O falcão e o capão

Muitas vezes a voz que te chama é desleal:
Ter pressa só pode causar mal.
Não era um tolo, crê-me, o cão
Proverbial que fugia ao ser chamado.
Um galinho do Mans, capão de profissão,
Apresentar-se é convocado
Perante os deuses lares do patrão,
Ao pé de um tribunal que chamamos fogão.
Todos gritavam, para disfarçar:
Vem cá, bichinho, vem!
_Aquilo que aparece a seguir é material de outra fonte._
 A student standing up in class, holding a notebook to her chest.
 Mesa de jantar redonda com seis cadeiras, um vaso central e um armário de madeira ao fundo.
Em vez de se fiar,
O espertalhão-e-meio a atender não se arrisca.
- Criados - diz - grosseira é vossa isca.
Assim, ninguém me há de pegar.
Entretanto, um falcão, empoleirado, via
O falo que fugia.
Pouquíssima confiança em nós têm os capões,
Quer por instinto, quer por mais sábias razões.
Só a custo seria este apanhado
Para, após, figurar em grande refeição
Que ele dispensaria de bom grado.
- A tua incompreensão me causa espanto até -
Diz-lhe a ave caçadora - és mesmo da ralé,
Gente rude, imbecil, incapaz de aprender.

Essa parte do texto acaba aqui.